President Donald Trump won more cities and towns in Worcester County than he did in any other Massachusetts county in 2016. And over the past 20 years, voters there have shown increasing support for the Republican presidential ticket, according to data from the Massachusetts Secretary of State. If you look at a map of reliably blue Massachusetts, there's a band of red in the center of the state.

Six of Worcester County’s 60cities and towns supported the 2000 Bush/Cheney Republican ticket. In 2004 The number of communities voting Republican doubled, to 12, and that number shot up to 33 communities, when President Trump and Vice President Mike Pence ran in 2016.

Jim Polito, a conservative political commentator on radio station WTAG in Worcester, said there is “a little bit of a Republican revolution” taking place in Worcester County.

“I won't be surprised on election night, like I wasn't in 2016, when a significant number of people from central Massachusetts vote Trump because they're either blue collar Democrats or they're Republicans,” he said.

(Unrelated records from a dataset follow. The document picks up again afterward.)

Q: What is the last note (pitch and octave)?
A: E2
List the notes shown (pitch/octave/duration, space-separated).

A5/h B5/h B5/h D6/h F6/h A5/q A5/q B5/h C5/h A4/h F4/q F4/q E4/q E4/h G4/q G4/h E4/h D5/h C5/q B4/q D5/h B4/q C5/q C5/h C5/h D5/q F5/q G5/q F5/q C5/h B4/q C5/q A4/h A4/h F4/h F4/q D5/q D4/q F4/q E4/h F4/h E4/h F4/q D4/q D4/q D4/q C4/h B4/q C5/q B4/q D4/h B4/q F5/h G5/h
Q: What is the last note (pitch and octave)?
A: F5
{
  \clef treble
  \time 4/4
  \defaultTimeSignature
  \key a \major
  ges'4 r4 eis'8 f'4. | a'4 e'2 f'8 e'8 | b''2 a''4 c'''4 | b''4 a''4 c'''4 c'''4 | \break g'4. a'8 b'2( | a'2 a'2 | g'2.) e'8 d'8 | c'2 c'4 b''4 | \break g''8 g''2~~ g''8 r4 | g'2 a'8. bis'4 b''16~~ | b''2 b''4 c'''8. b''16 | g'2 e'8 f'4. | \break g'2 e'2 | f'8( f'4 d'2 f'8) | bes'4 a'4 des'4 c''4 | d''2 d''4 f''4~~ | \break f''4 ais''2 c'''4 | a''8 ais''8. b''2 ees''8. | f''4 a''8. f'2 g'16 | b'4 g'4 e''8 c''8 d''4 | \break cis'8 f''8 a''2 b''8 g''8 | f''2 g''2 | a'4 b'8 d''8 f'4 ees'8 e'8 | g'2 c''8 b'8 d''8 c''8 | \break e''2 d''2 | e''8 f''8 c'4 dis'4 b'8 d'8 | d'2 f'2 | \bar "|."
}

Unenrolled voters make up the bulk of the Massachusetts electorate, according to Massachusetts voter enrollment, though Democrats are most often elected to offices statewide and nationally.

That can make it hard for a Republican in the State House, said State Rep. Joseph McKenna, a GOP party member from Webster, also in Worcester County. McKenna is among the most conservative Republicans in the State House, but he said he’s also a pragmatist.

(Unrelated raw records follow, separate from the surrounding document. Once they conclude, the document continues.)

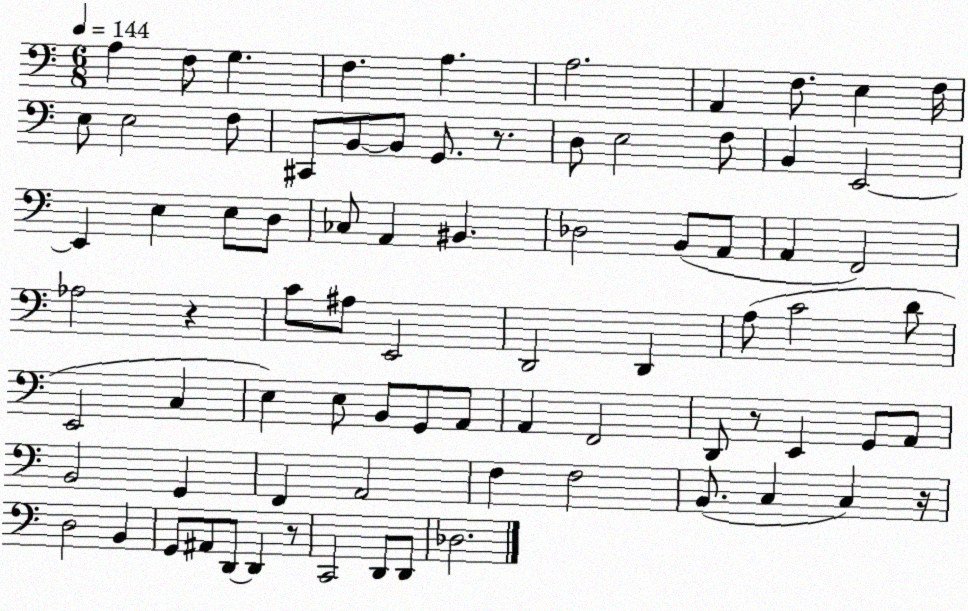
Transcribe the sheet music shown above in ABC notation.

X:1
T:Untitled
M:6/8
L:1/4
K:C
A, F,/2 G, F, A, A,2 A,, F,/2 E, F,/4 E,/2 E,2 F,/2 ^C,,/2 B,,/2 B,,/2 G,,/2 z/2 D,/2 E,2 F,/2 B,, E,,2 E,, E, E,/2 D,/2 _C,/2 A,, ^B,, _D,2 B,,/2 A,,/2 A,, F,,2 _A,2 z C/2 ^A,/2 E,,2 D,,2 D,, A,/2 C2 D/2 E,,2 C, E, E,/2 B,,/2 G,,/2 A,,/2 A,, F,,2 D,,/2 z/2 E,, G,,/2 A,,/2 B,,2 G,, F,, A,,2 F, F,2 B,,/2 C, C, z/4 D,2 B,, G,,/2 ^A,,/2 D,,/2 D,, z/2 C,,2 D,,/2 D,,/2 _D,2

“We're in Massachusetts, after all, and despite the fact that my district is maybe the second or third most conservative district in the state, I still need to get along with a supermajority Democrat Party that runs the legislature,” he said.

Republican State Representative Hannah Kane, from Shrewsbury, has been a Republican since she first started voting. Kane said voters look for a candidate who cares about the things they do. And in Worcester County more than most places, voters are opting for Republicans.

She said the voters think to themselves, “Where do I find more commonality? Where do I feel more comfortable that this person running represents my interests or the way that I view the world than the other person does?”

Anthony Dell'Aera, Worcester State University assistant professor of political science, took a shot at answering why Worcester County is relatively so red.

“I think Worcester County has a fairly strong Republican presence because the character of many of the places in Worcester, outside of the city itself, are more rural,” he said. “I also think people in these locations, they tend to feel more of a disconnect from the more urban culture that you might see in [the city of] Worcester and certainly in Boston or the metro west area.”

Dell'Aera said despite division right now between Trump Republicans and Baker Republicans in the Massachusetts Republican Party, support in Worcester County for the GOP will likely hold steady in 2020.